The Night House: A novel

Image of The Night House: A novel
Author(s): 
Release Date: 
October 3, 2023
Publisher/Imprint: 
Knopf
Pages: 
256
Reviewed by: 

“Nesbø’s taken a mischievous left turn into modern mythology and added a substantial seasoning of Edgar Allan Poe.”

Norwegian author Jo Nesbø is best known for his crime novels featuring Inspector Harry Hole; his most recent in that series was published in English in May 2023 as a classic dark police procedural.

However, Nesbø is also a vocalist and writer for a rock band, an author of a children’s book series about a crazy professor, a dabbler in black comedy film, and has retold Macbeth set in 1970 with a police team targeting bikers and drug dealers.

So it should be no surprise that for his second 2023 release in English, Nesbø has gone wildly far from expectations, so that The Night House has been labeled a classic horror novel.

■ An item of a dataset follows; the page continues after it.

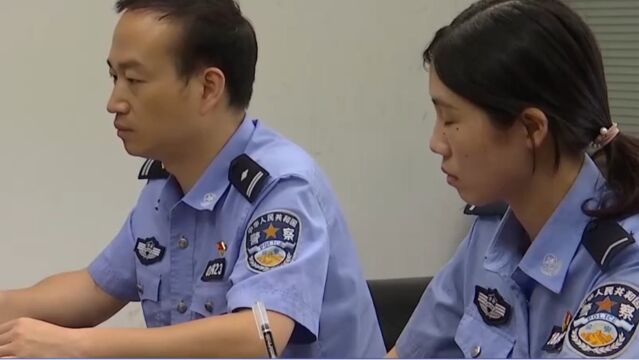 网站平台传播扩散谣言信息,警方依法处罚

In fact, it’s far from classic anything, cutting fresh ground, not always successfully.

Part One offers the miserable life of Richard Elauved, living without joy with an aunt and uncle in a rural town after the death of his parents. Richard offers several advanced forms of meanness: stealing from a popular kid in the class, tormenting a stammerer and an overweight boy, and suddenly framed for the disappearances and/or deaths of both those kids through a horrific demonic presence that seems to relate to the rural town’s buried history.

But the demonic being, Imu Jonasson, targets Richard as well, and begins to invade even the (very very small) corners of his life where Richard may have some (deeply hidden) good motives. This is the presumably classic horror segment of the book—although it’s not as frightening as most contemporary horror and gives the impression of possibly being written for preteens, to mute the terror that’s customary in the genre.

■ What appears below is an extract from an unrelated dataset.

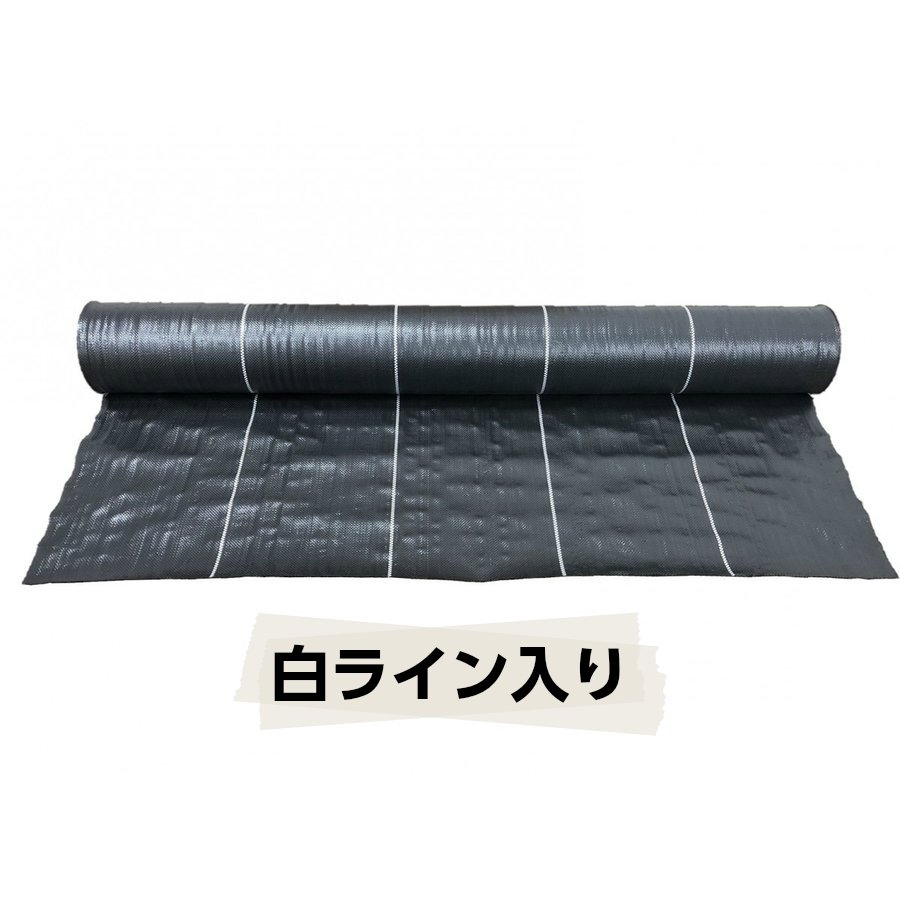 防草シート高質タイプ黒2本セット1m×100m抗菌剤入り(耐用年数4〜6年)厚さ0.4mm厚手草よけシート防草シート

Probably the most frightening moment in Richard’s attempt to convince the adults that he hasn’t killed his two almost friends is offered by the local sheriff, who declares, “I will personally make sure that you, Richard Elauved, are locked away in a very dark, very remote place where no one will ever find you,” if one of the missing kids isn’t located right away. But how can Richard defend against the threat when nobody believes his tale of a demon?

Soon a scene resembling Hitchcock’s The Birds arrives, substituting red-eyed cicadas instead, and Richard becomes an insect killer. Which may or may not relate to his own character—hard to tell whether it’s an act of murder to swat a bug while exploring a haunted house.

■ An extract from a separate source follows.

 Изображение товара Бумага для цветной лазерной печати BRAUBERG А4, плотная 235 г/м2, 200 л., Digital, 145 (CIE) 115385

All this adds up to what might be an early draft of a spooky novel for preteens, and poor Richard ends up getting his apparent just deserts (and more scary threats from adults) as Part One wraps up.

Then, as if the book were actually a modernist drama, Part Two turns the plot inside out. And Part Three twists it into a Moebius strip of threats from authority figures.

In other words, Nesbø’s book is not only entirely “other than” when compared to his Harry Hole crime series—it could have been written by some other person, for some other reason. There is no way for a reader to “solve” any portion or predict any subsequent one, and the finale suggests the author’s been teasing, all the way along.

The best way to read this Norwegian (not quite horror) novel is to assume all of it is meant to tease the reader—and that may in fact be the case. If so, Nesbø’s taken a mischievous left turn into modern mythology and added a substantial seasoning of Edgar Allan Poe. Reader, beware: Assume your leg is being pulled (or ground up in a sausage grinder), and buckle up for a most peculiar ride.